At one point, she decides she wants a friend named Penelope, so she puts an ad on a tree asking for a Penelope who needs a friend to call her. This is how she meets pretty much her only friend, Penelope, who is just as odd as Vivian.It’s clear that Penelope is a good person, and has a lot of issue, just like Vivian, and in a lot of ways it’s really good they find each other.

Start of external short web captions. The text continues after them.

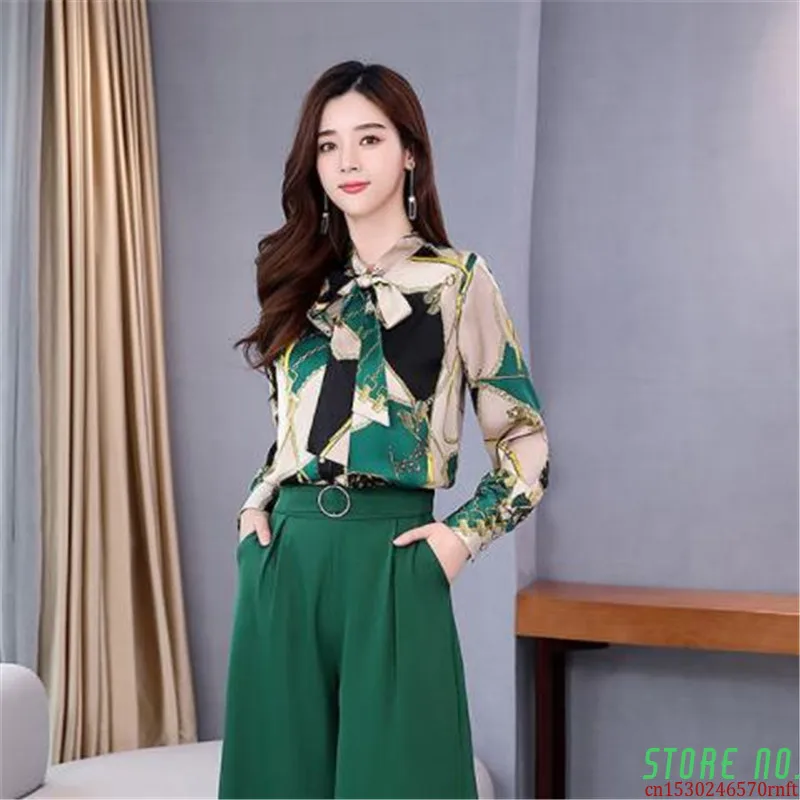

Summer Two Piece Set OL Women Sets Plus Size Two Piece Set Top And Pants Wide Leg Pants Woman Tracksuit /outfit/suit/Set 2 Piece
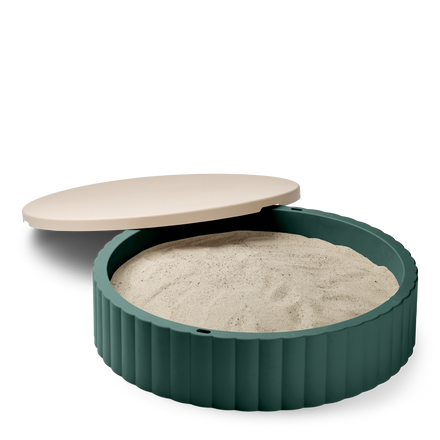 Liewood Saul Sandpit Zandbak Met Deksel - LEVERING 03/03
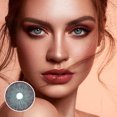 thumbnail image 4 of Lentes de contacto Lentes de color suave Lentes de contacto cosméticas coloreadas Anual yeacher Lentes de contacto, 4 of 6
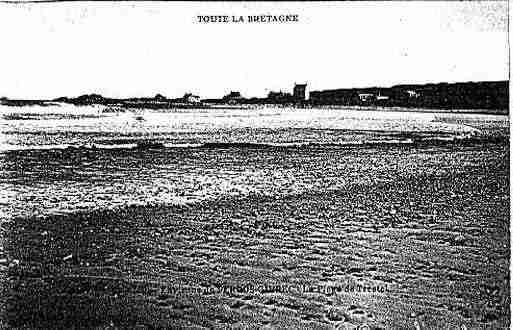 Ville de TREVOUTREGUIGNEC Carte postale ancienne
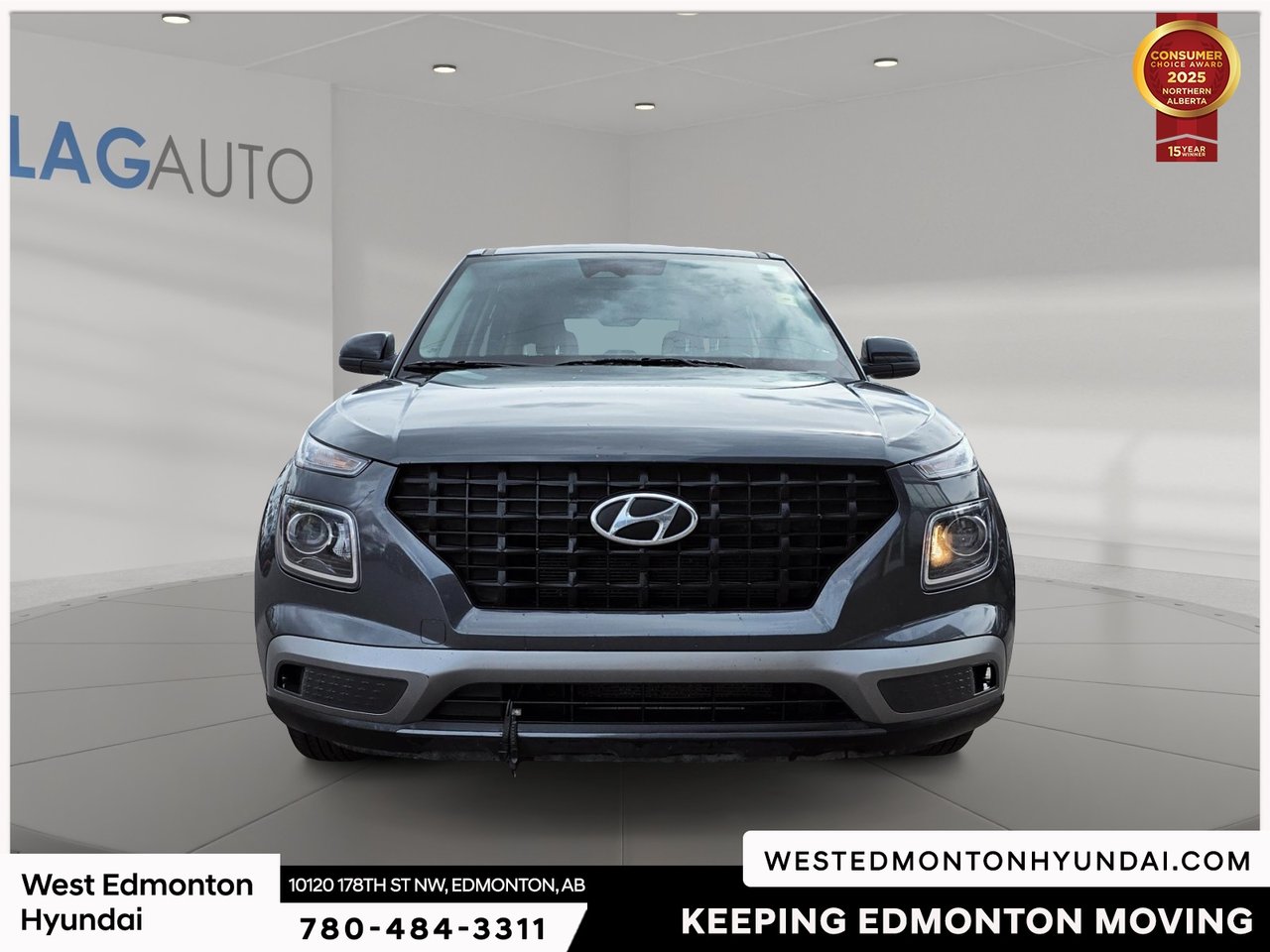 2024 Hyundai Venue Essential-1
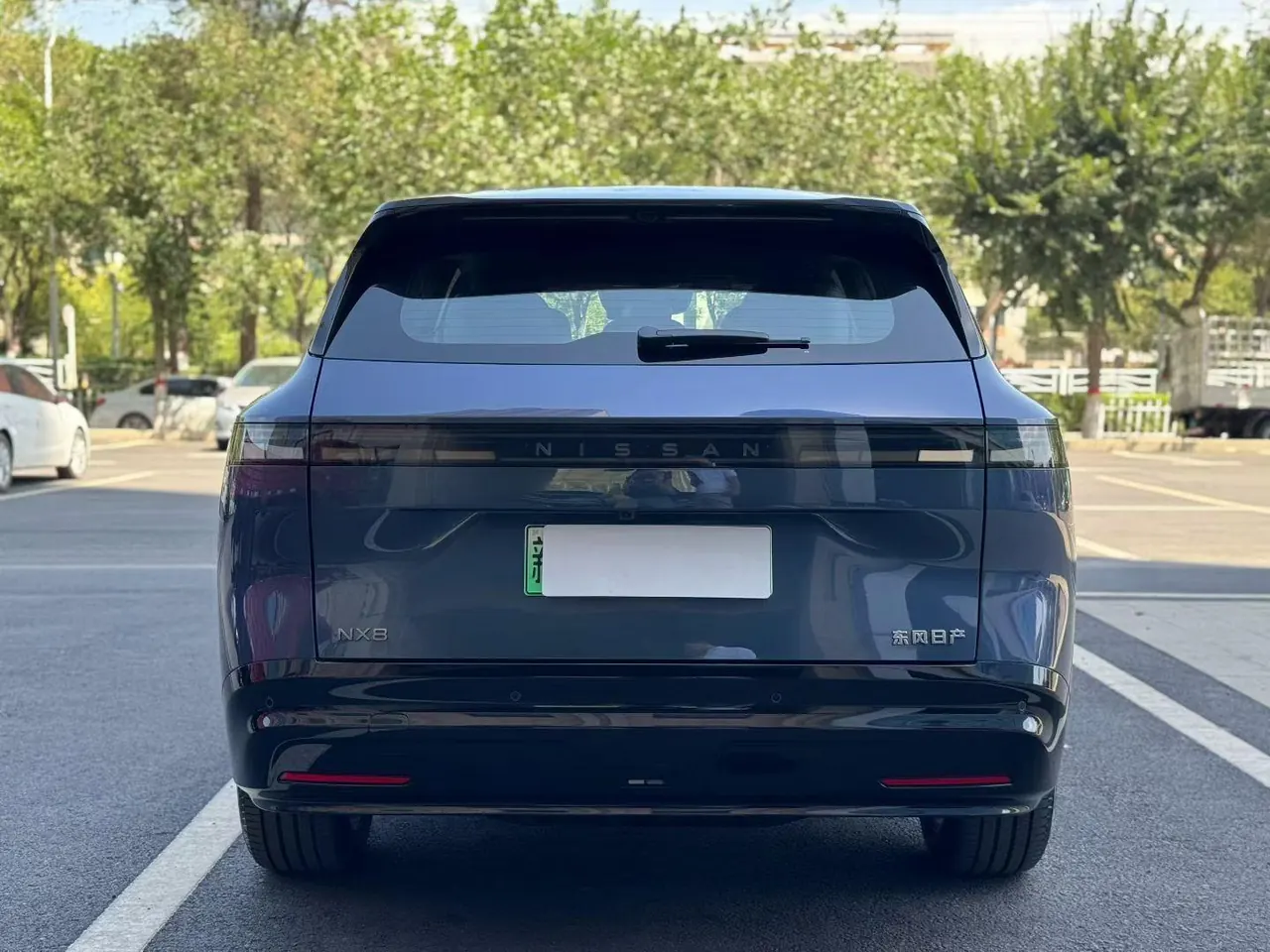 Nissan 2026 NX 8 650 Max Automatic 8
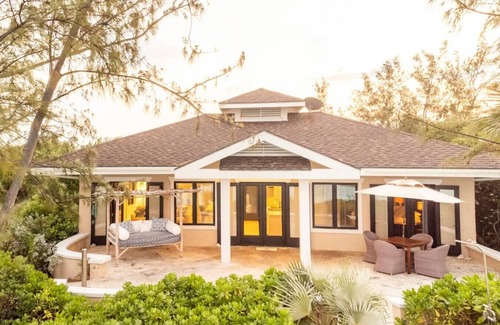 Exuma Villa | Lindon Villa at Fowl Cay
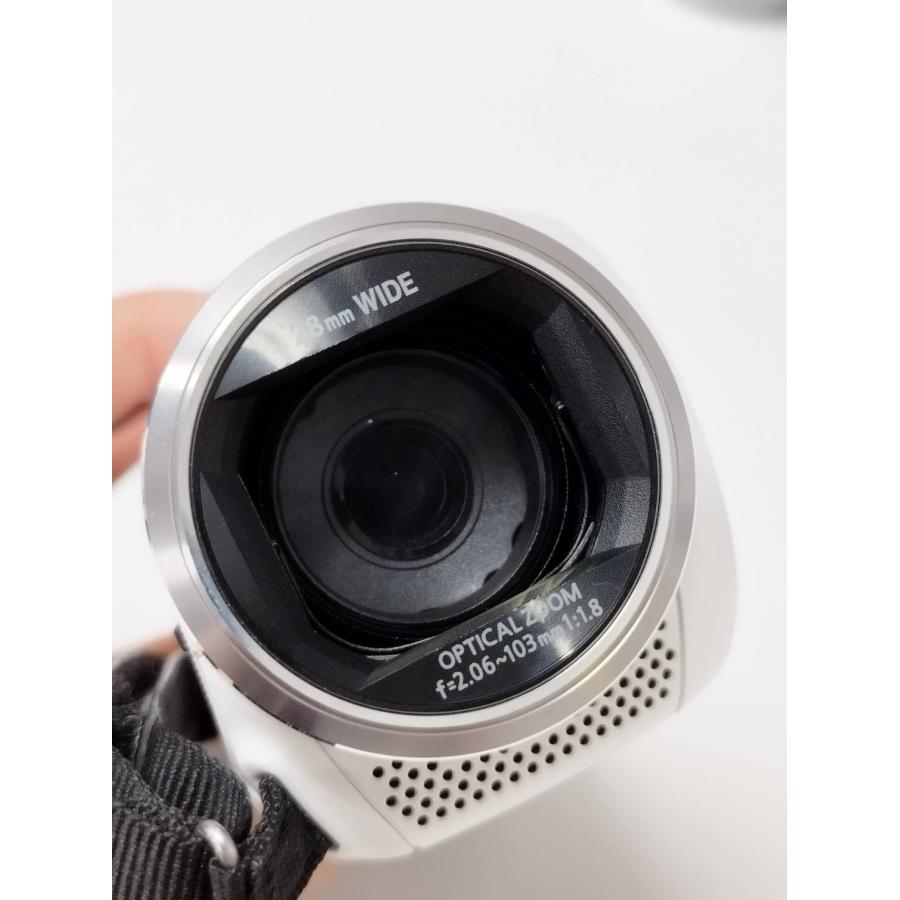 Panasonic HC-V480MS ビデオカメラ 本体　2021年製 Amazon.co.jp: 【整備済み品】 パナソニック HDビデオカメラ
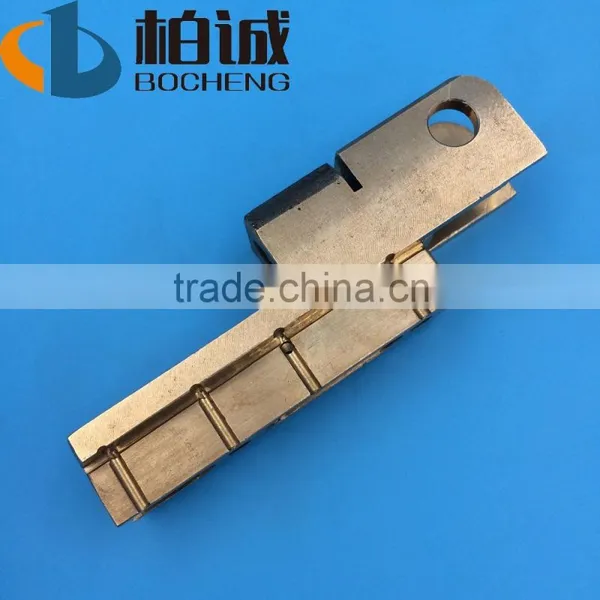 Warp Knitting Machine Spare Parts KS Slider Block photo-3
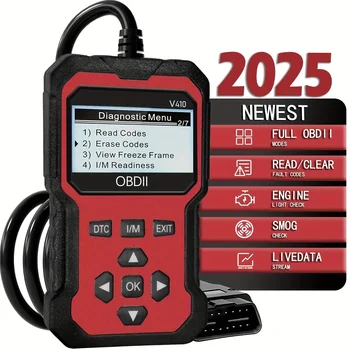Car Diagnostic Code Reader 1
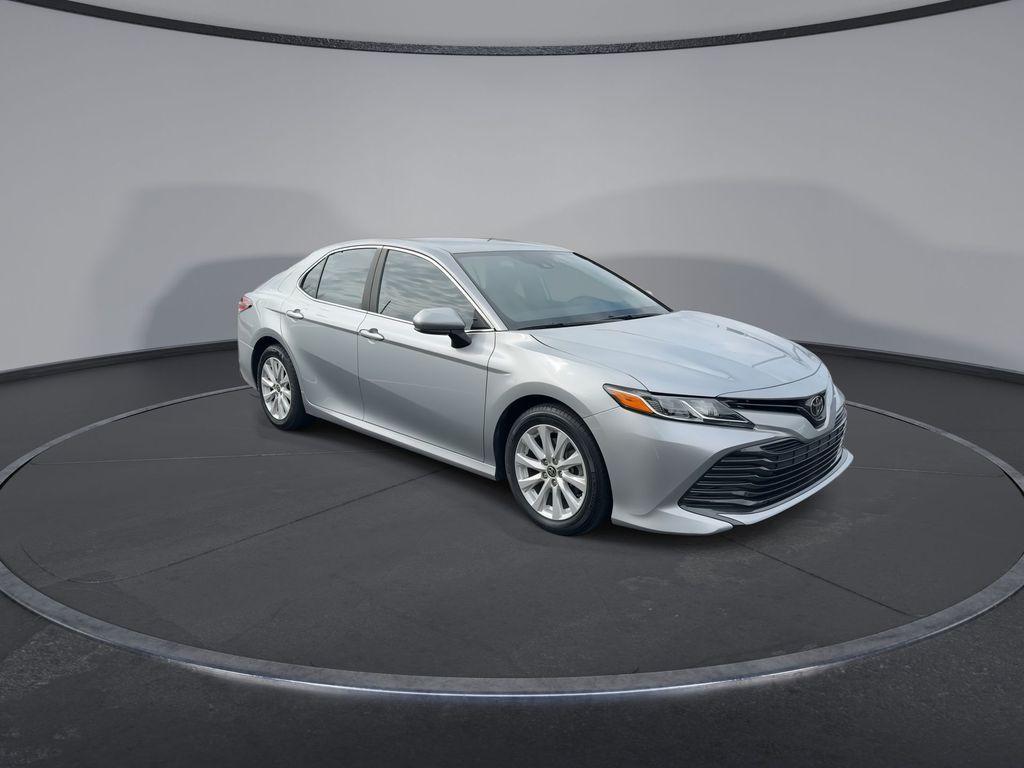 used 2020 Toyota Camry car, priced at $21,995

We get insinuations that Vivian was pretty brutally abused when she was a child. She has an older sister named Vivian, who she has a pretty tenuous relationship with. Yes, her sister is also named Vivian. Their parents did that on purpose, as well as telling narrator Vivian that she was a changeling and other glossed over things that, when you stop to think about it, are really not great. Sister Vivian gets a bit of a short shrift here. She’s pretty harsh to her sister, but at the same time she’s really the only person who is seeing the reality here, and while it’s clear sister Vivian has reached the end of her rope, she won’t cut out her sister, she still visits and takes her phone calls and does what she can, even if she loses her temper pretty quickly. I think I had quite a bit of sympathy for Vivian’s sister, it’s very hard to watch a family member go through something like this and not really know what to do.
All that said, I liked Vivian and I think I liked this book, even if it really made me uncomfortable at times. It did make me really very uncomfortable at times, which is where a lot of my ambiguity with this book comes from. It is really fabulously written, though, which is especially important when you’re going to jump in to a topic like this. I don’t think I would have made it to the end if the writing weren’t such high quality.